Tool	Type	OpenTelemetry	Token Tracking	Cost Monitoring	Quality Monitoring	Self-hosted
OTel + Grafana	Framework+Dashboard	Native	Custom	Custom	Custom	Yes
Langfuse	Dedicated Platform	Integrated	Native	Native	Native	Yes
Helicone	Dedicated Platform	Proxy	Native	Native	Basic	No
Arize Phoenix	Dedicated Platform	Integrated	Native	Native	Native	Yes
Braintrust	Dedicated Platform	Integrated	Native	Native	Native	No

5 Common Pitfalls

1. Ignoring Token Counting in Streaming Responses

total_usage = {"prompt_tokens": 0, "completion_tokens": 0}
for chunk in stream_response:
    if hasattr(chunk, 'usage') and chunk.usage:
        total_usage = {
            "prompt_tokens": chunk.usage.prompt_tokens,
            "completion_tokens": chunk.usage.completion_tokens
        }

2. Improper Sampling Rate

from opentelemetry.sdk.trace.sampling import TraceIdRatioBased
sampler = TraceIdRatioBased(rate=0.1)
trace_provider = TracerProvider(sampler=sampler)

3. Prompt Content Leaking into Traces

# Wrong
span.set_attribute("gen_ai.prompt", messages)

# Correct
span.set_attribute("gen_ai.prompt.token_count", count_tokens(messages))

4. Not Distinguishing Model Versions

span.set_attribute("gen_ai.request.model", "gpt-4o")
span.set_attribute("gen_ai.response.model", response.model)

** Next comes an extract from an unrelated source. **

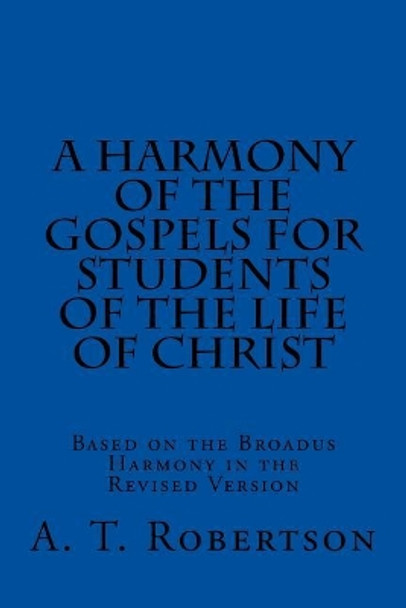 A Harmony of the Gospels For Students Of The Life of Christ: Based on the Broadus Harmony in the Revised Version by A T Robertson 9781547051830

5. Missing End-to-End Span Correlation

with tracer.start_as_current_span("rag.pipeline") as parent:
    ctx = trace.get_current()
    with tracer.start_as_current_span("rag.retrieve", context=ctx):
        pass
    with tracer.start_as_current_span("rag.generate", context=ctx):
        pass

10 Error Troubleshooting

#	Symptom	Possible Cause	Resolution
1	Traces not appearing in Grafana	OTLP Exporter misconfigured	Check endpoint and auth
2	Token count is zero	Streaming response missing usage	Get usage from last chunk
3	Cost calculation inaccurate	Price table outdated	Update COST_PER_TOKEN
4	Hallucination rate abnormally high	Poor RAG retrieval quality	Check vector index and params
5	Missing Span attributes	Semantic convention version mismatch	Update OTel SDK
6	Memory leak	TracerProvider not closed	Call shutdown() on exit
7	Critical traces lost to sampling	Sampling rate too low	100% sample for errors
8	Abnormally high TTFT	Network latency or cold start	Check network and model warmup
9	Quality evaluation hallucinating	Evaluation model unreliable	Use stronger eval model
10	Metric/Trace mismatch	Timezone inconsistency	Use UTC consistently

Recommended Tools

JSON Formatter: Use /en/json/format to format Grafana dashboard configs
Base64 Encoder: Use /en/encode/base64 for API key encoding/decoding
Hash Calculator: Use /en/encode/hash for config file integrity verification

Summary: LLM application observability requires monitoring dimensions beyond traditional metrics — token usage, API costs, hallucination rates, and answer quality. OpenTelemetry's LLM semantic conventions provide a standardized approach for 2026. Key practices: correctly track streaming response tokens, set appropriate sampling rates, avoid leaking prompt content into traces, distinguish model versions, and establish end-to-end span correlation. Combined with Grafana dashboards, you can achieve comprehensive LLM application monitoring from cost to quality.